▶

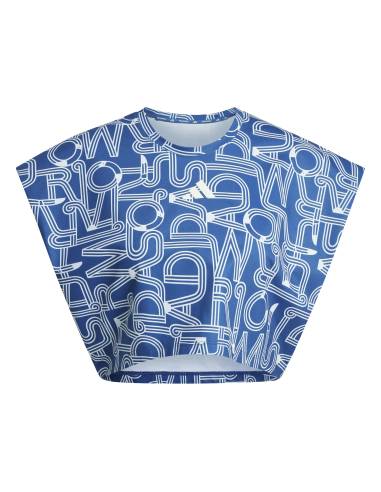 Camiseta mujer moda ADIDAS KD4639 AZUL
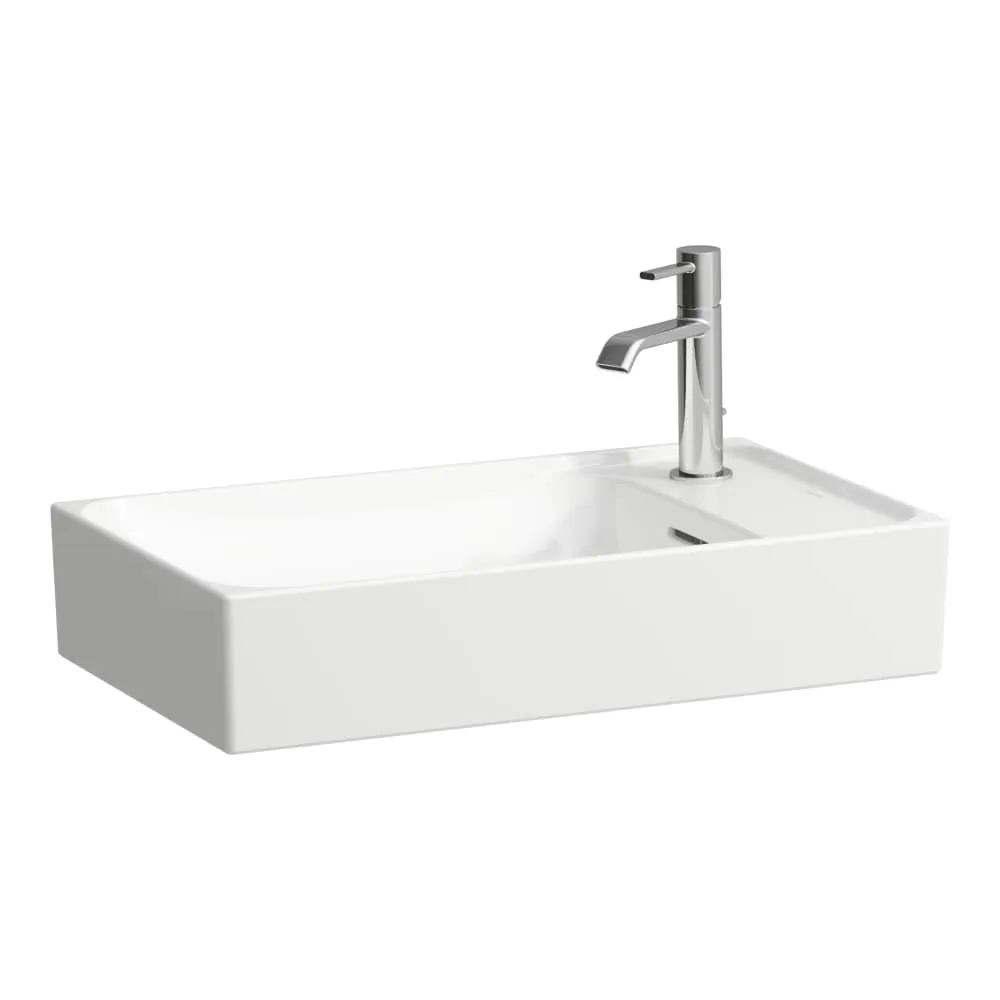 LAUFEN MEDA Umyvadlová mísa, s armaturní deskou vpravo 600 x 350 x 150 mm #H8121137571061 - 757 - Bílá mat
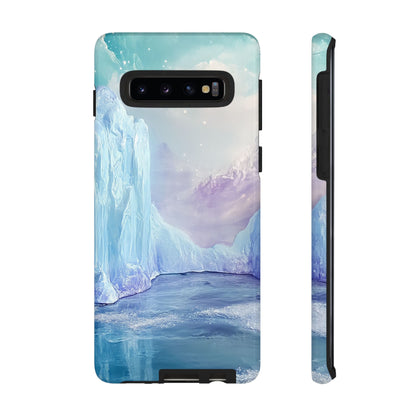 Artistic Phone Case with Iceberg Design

◀
▶

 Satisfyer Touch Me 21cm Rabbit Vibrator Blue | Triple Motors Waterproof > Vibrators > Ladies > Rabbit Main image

◀
▶

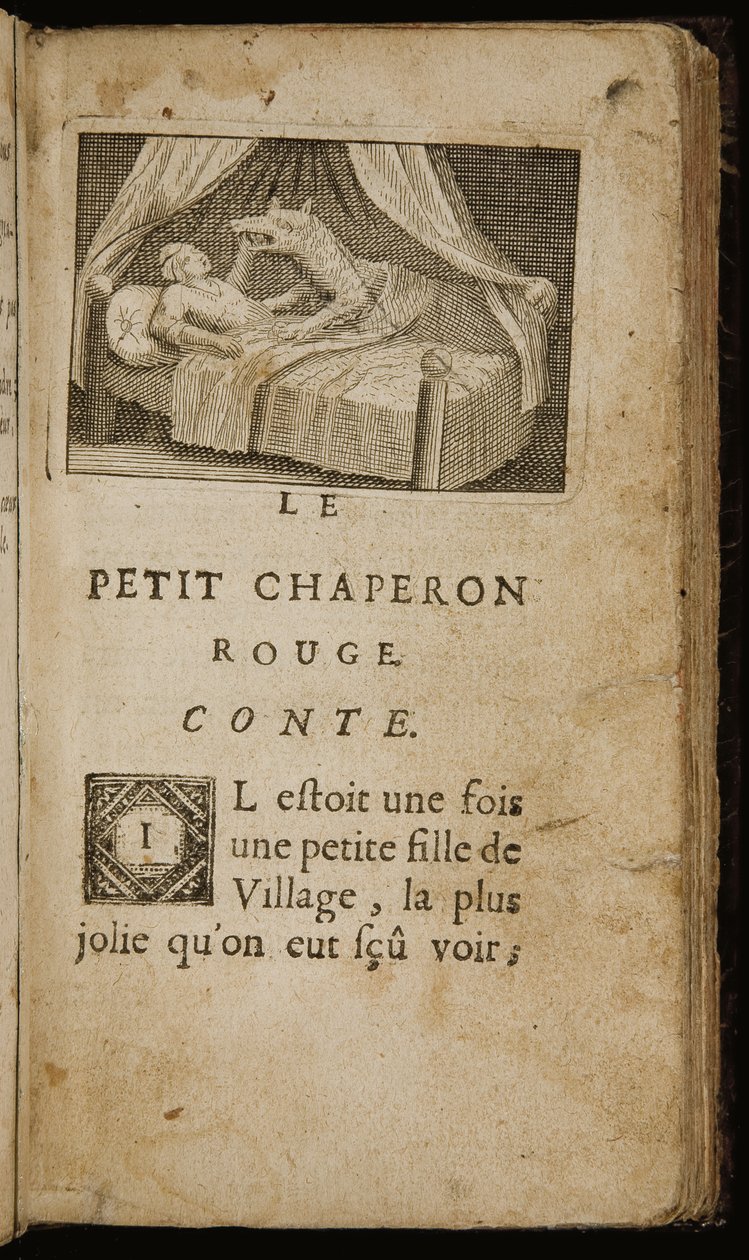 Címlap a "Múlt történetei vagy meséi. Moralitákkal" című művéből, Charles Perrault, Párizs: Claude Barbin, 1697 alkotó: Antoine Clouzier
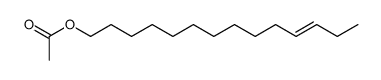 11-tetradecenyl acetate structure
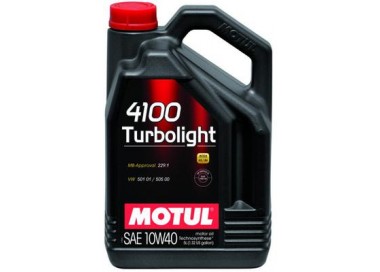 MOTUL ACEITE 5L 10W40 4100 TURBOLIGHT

◀

* **Exercise objective**:
Only the lines between the one with "LAUFEN MEDA Umyvadlová" and the one with "Artistic Phone Case with Iceberg Design", those two included, get copied from the material above. Keep it exact and free of pictures.

* **Solution to this exercise**:
 LAUFEN MEDA Umyvadlová mísa, s armaturní deskou vpravo 600 x 350 x 150 mm #H8121137571061 - 757 - Bílá mat
 Artistic Phone Case with Iceberg Design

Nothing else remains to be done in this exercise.